A verbatim copy of the full data, with no pictures, is the expected answer.

■ **Data below**
• • • •
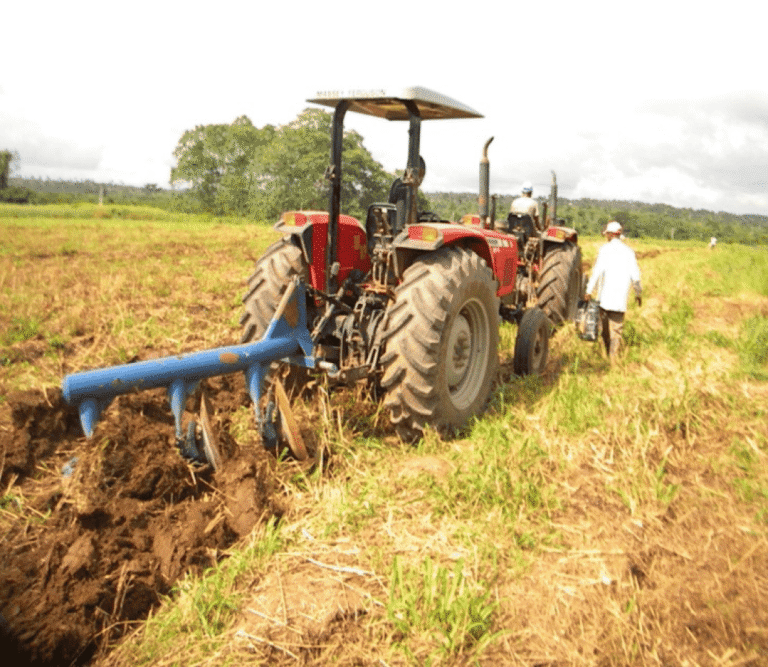Red tractor ploughing field with farmer walking beside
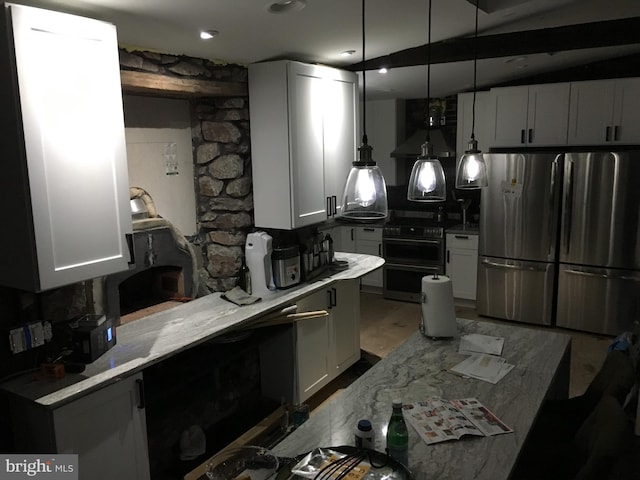 kitchen with appliances with stainless steel finishes, white cabinetry, decorative light fixtures, and light countertops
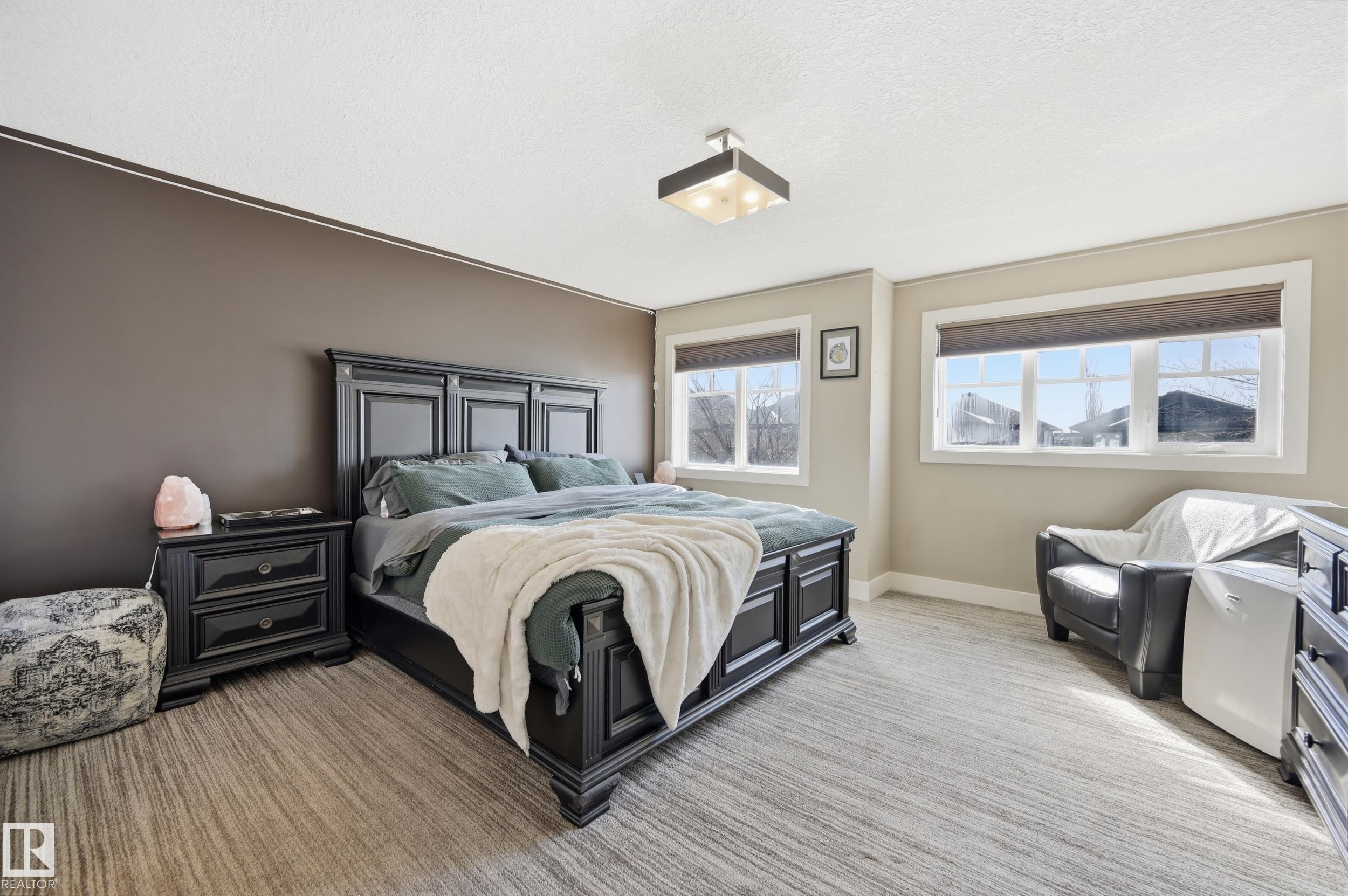 This room features light-toned flooring, a neutral wall color, and two windows providing natural light - 2018 Armitage Green, Edmonton, AB - Indoor Photo Showing Bedroom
• • • •
■ **Exercise result**
Red tractor ploughing field with farmer walking beside
 kitchen with appliances with stainless steel finishes, white cabinetry, decorative light fixtures, and light countertops
 This room features light-toned flooring, a neutral wall color, and two windows providing natural light - 2018 Armitage Green, Edmonton, AB - Indoor Photo Showing Bedroom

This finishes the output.